The plot is quite gripping to be fair, it's the script and the acting that are stinking things up – destroying anysense of this being believable.
For how long this nonsense can continue, where New Zealand Rugby chief executive Mark Robinson continues to bungle his way through catastrophic PR exchanges where he somehow manages to say nothing yet deepen the confusion, is almost as fascinating now as what will happen with Foster's contract.
But not the good sort of fascinating, the kind reserved for a David Attenborough series or a National Radio podcast about the best way to pickle fruit, but the bad kind, the ghoulish kind.
The horrible truth now is that the nation is almost being forced to rubber neck the car crash that is playing out in front of them with the coach of the national rugby team.
Foster hasn't been a coach that the country has held close to its heart. Until the miracle at Ellis Park, his All Blacks hadn't lit any fires in the imagination of a public used to a high-quality rugby fix.
But there's a universal appreciation that he and his coaching team are throwing all they have to dig the All Blacks out of the hole they were in, maybe still are, and the evidence of their tenacity, astute tactical appreciation and ability to problem solve was writ large all over the 35-23 win at the weekend.
The coaching team, led by Foster, raised their collective game in the final week of the South African odyssey, but a similar elevation in performance was not reciprocated by head office.
A media conference with Robinson was called on short notice for early Sunday morning South African time – the declaration of which led the world to believe that clarity was coming.
That the coach was going to be backed or sacked – released from the purgatory of not knowing his longer-term fate.
Few moments in New Zealand sporting history have told a more damning story about administrative incompetence than Foster having to stand on the sidelines of Ellis Park after a stunning victory and tell Sky TV that he genuinely didn't know whether he will still be head coach of the All Blacks when they assemble in Christchurch to play the Pumas later this week.
There is the cold, practical impact of such uncertainty being so public: and that's the damage being done to the All Blacks – a sporting brand revered around the world for its professionalism, lack of histrionics and scandal.
No one ever imagines the All Blacks even have dirty laundry yet here we are now with NZR, their $200m deal with Silver Lake safely signed, now camped in the front yard with every soiled garment piling up in full global view.
It's a fantastically strange time, with so much money now resting on the success of the All Blacks, for NZR to determinedly keep this saga alive.
Robinson effectively told the media that his organisation needs more time to have more conversations about all the same things they have had so many conversations about already.
There was a major review of the 2021 season in December/January. There was a major review and a couple of firings after the July series against Ireland and when the team comes home from South Africa, there will be yet more reviewing, or conversations as Robinson likes to call them.
So many reviews and no decisions feels like an imbalanced leadership equation and what's yet more concerning is that NZR didn't embed any high-performance staff or even an independent observer with the All Blacks in South Africa to provide Robinson and the board with feedback about how the coaches prepared the team.

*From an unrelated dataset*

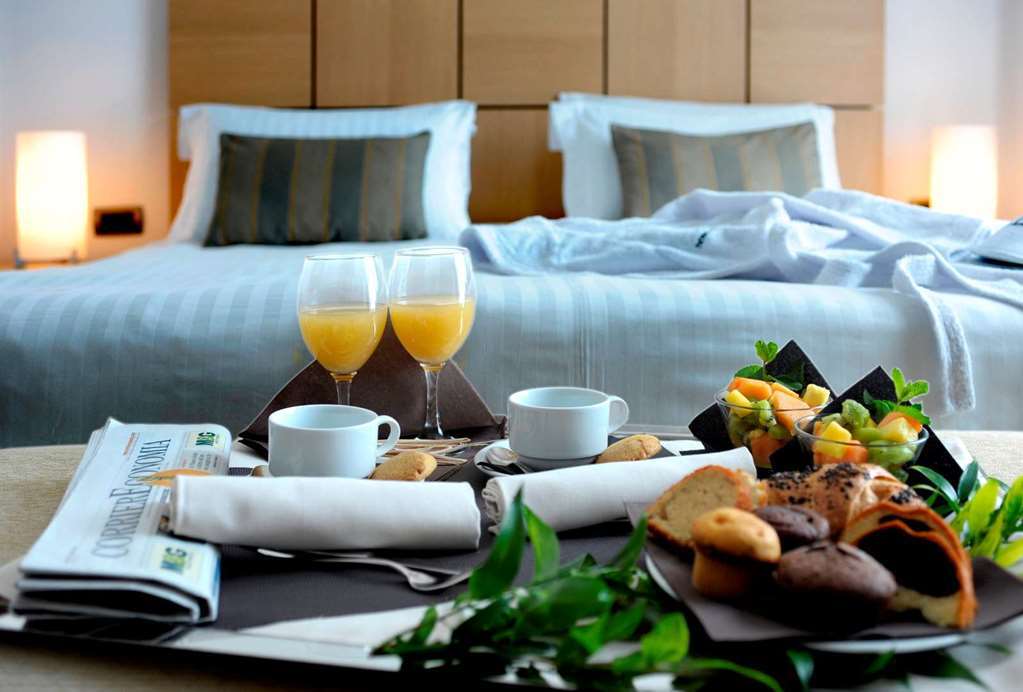 Domina Milano Fiera Hotel Novate Milanese Cameră foto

Instead, the feedback about the coaching team in South Africa will be provided by the coaching team.
But there is potentially a far more serious consequence to this continued failure to provide clarity to Foster about his future and to publicly endorse him as the man to take the All Blacks through to the World Cup or relieve him of his duties.
And that's the impact to his mental health. To leave him in limbo is bordering on reckless now.
He said after the game that the stress he's under has led to weight loss and that through his eyes, the media's commentary and analysis on his plight has been vicious.
He's under the sort of mental duress that is almost impossible to imagine and at least if he knew he had the backing of his employer, the certainty that he's going to be in his job through to the World Cup, he could try to reach a truce – a working alliance at least – with the media core from whom he clearly feels estranged.
That Foster deserves better from his employer is in danger of becoming white noise – and that can't be a tenable proposition for a sport with such grand ambition.